[[ Provided records, beginning ]]
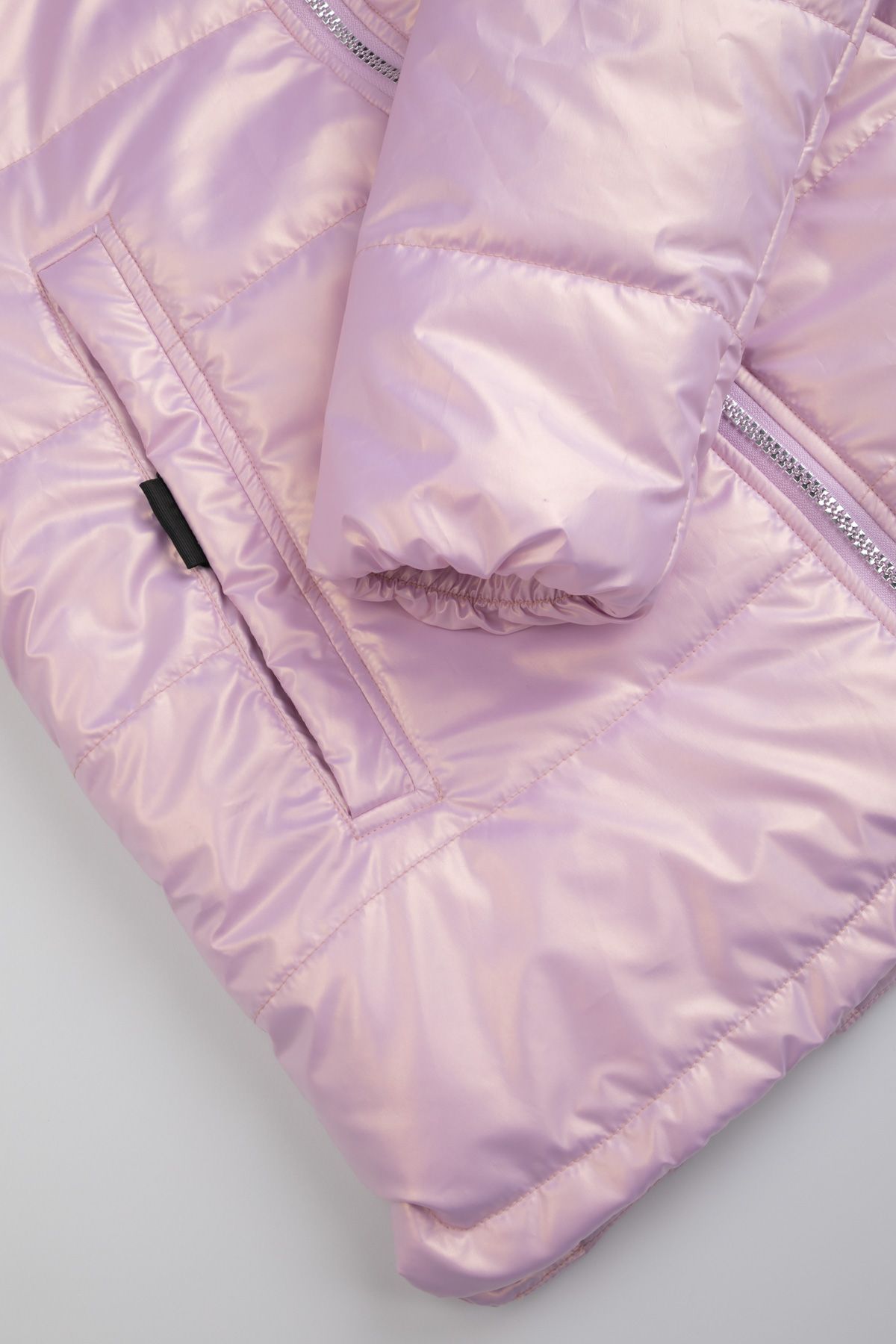 Transitional jacket pink with hood and reflective elements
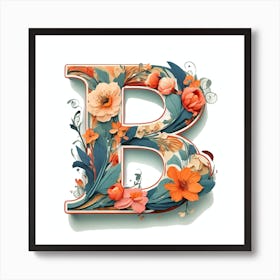 Letter B Art Print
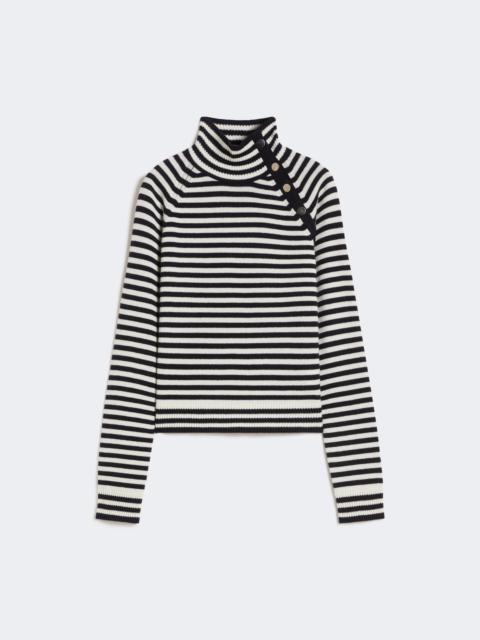 Max Mara Stockinette-stitched cashmere polo-neck sweater - ULTRAMARINE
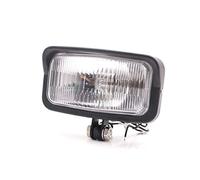 Moto Anteriore Inferiore Montaggio Quadrato Rettangolare Faro Anteriore Per Harley Honda Kawasaki Suzuki Yamaha Cafe Racer Retro Vintage Bike Cruiser Chopper Custom (Nero)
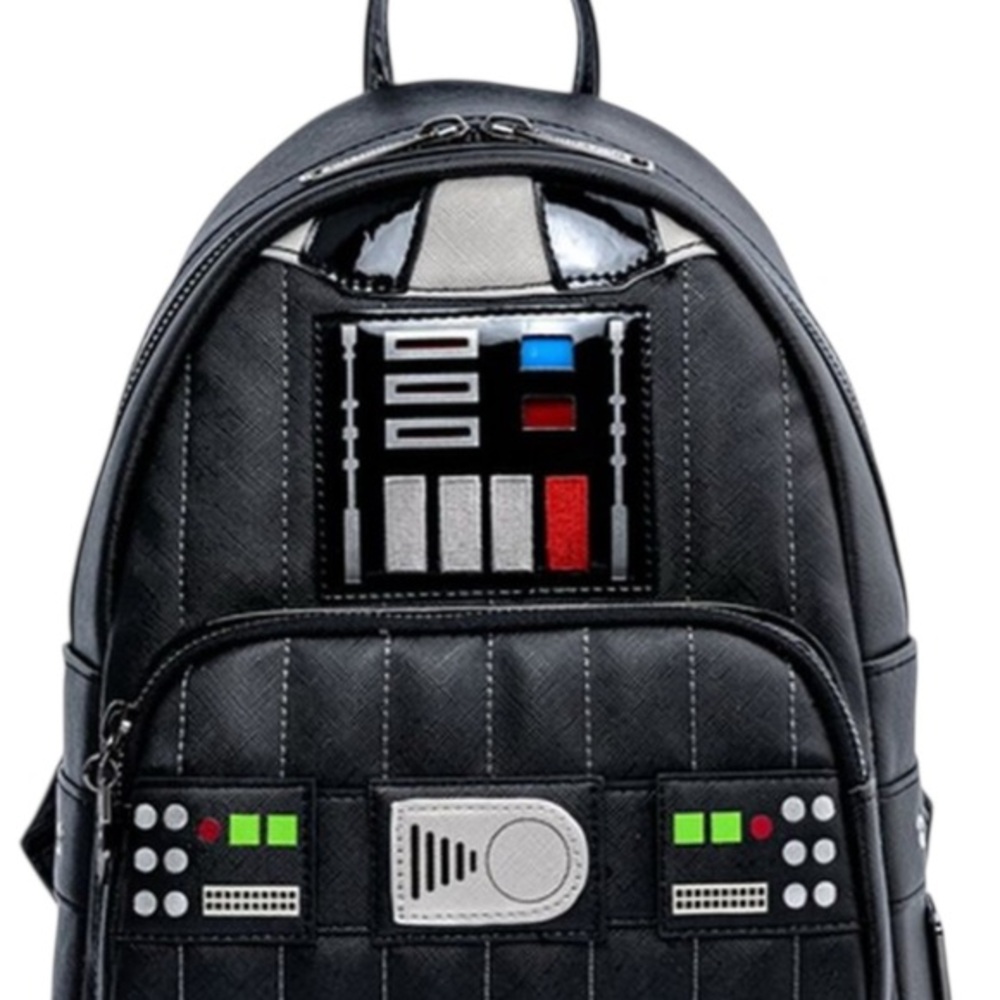 Loungefly Star Wars Darth Vader Light Up Cosplay Mini Backpack. 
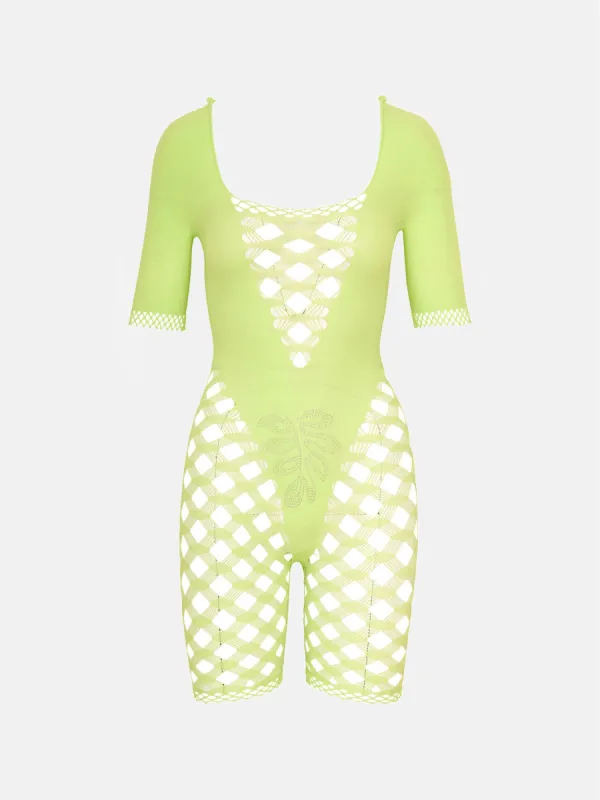 Shelly Playsuit Midori Sour sold by Poster Girl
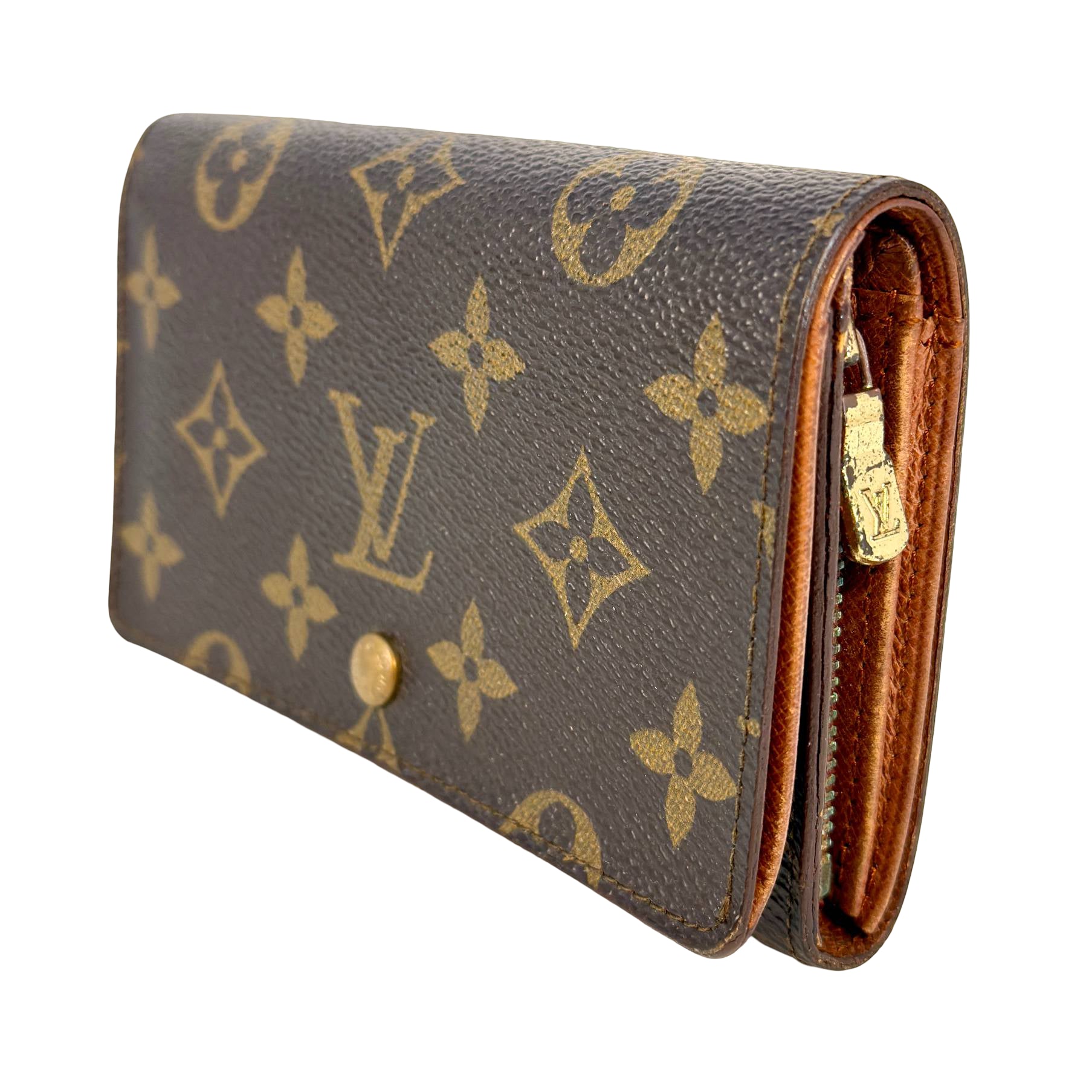 Louis Vuitton Petit Tresor Wallet Braun Monogram Canvas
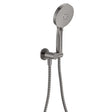 Empire Slim Hand Shower, Round Plate, Gun Metal fienza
[[ Provided records, end ]]
Brief:
Every line above should be duplicated exactly; the pictures are to be left out.

Finished exercise:
 Transitional jacket pink with hood and reflective elements
 Letter B Art Print
 Max Mara Stockinette-stitched cashmere polo-neck sweater - ULTRAMARINE
 Moto Anteriore Inferiore Montaggio Quadrato Rettangolare Faro Anteriore Per Harley Honda Kawasaki Suzuki Yamaha Cafe Racer Retro Vintage Bike Cruiser Chopper Custom (Nero)
 Loungefly Star Wars Darth Vader Light Up Cosplay Mini Backpack. 
 Shelly Playsuit Midori Sour sold by Poster Girl
 Louis Vuitton Petit Tresor Wallet Braun Monogram Canvas
 Empire Slim Hand Shower, Round Plate, Gun Metal fienza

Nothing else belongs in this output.